Another example. Same novel, same character, says "desperate people are dangerous people." Nothing exciting there. The situation she said it in warrants the statement. But I've now realized she's going to become very desperate towards the climax. She's going to end up doing something dangerous and when she does, that line will be transformed from statement to foreshadowing.
So as you're writing, pay attention to lines like that. They don't have to mean anything, but it's also a great example for a plot idea if you need one with foreshadowing pre-built in!
They don't have to be bigger statements like that, either. Same novel, different character. After moving to a new school, she switches from Spanish to sign language. Fast forward a few weeks and her little brother hasn't said a word since they moved in. Honestly, sign language was the first thing I thought of. But will her taking it will prove to be useful with her brother? Only time will tell.
Maybe a character says they don't trust people who wear hats. Or they're afraid of dogs. Or they'd rather die than go to the ocean. Those can all be casual statements that do nothing more than characterize, or they can be prophetic. Things your character says they don't like make great obstacles later.
Or the opposite. Your character is really good at holding their breath. Or they never get lost. Or they're double-jointed in their shoulder. Is there an obstacle where those skills can prove useful?
If you need something to happen and don't know what, look at what your character has said. Use the things they said they dislike or are bad at to challenge them. Use the things they said they like or are good at to give them a leg up.
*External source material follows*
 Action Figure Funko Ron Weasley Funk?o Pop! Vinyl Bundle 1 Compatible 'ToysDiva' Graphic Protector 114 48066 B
Foreshadowing can feel hard, but only if you add it in after the events. Don't force your foreshadowing. If something is mentioned earlier in the story, there's a reason you put it there whether you realized it or not. The less likely readers are to take the statement seriously the first time they read it, the better.
Details can be plot ideas and free foreshadowing. Take it and run and see where it leads you.
Have you ever used prior statements to form your plot? Where does accidental foreshadowing appear in your writing?
Accidental symbolism is also fantastic. Perhaps we'll talk about that in a few weeks.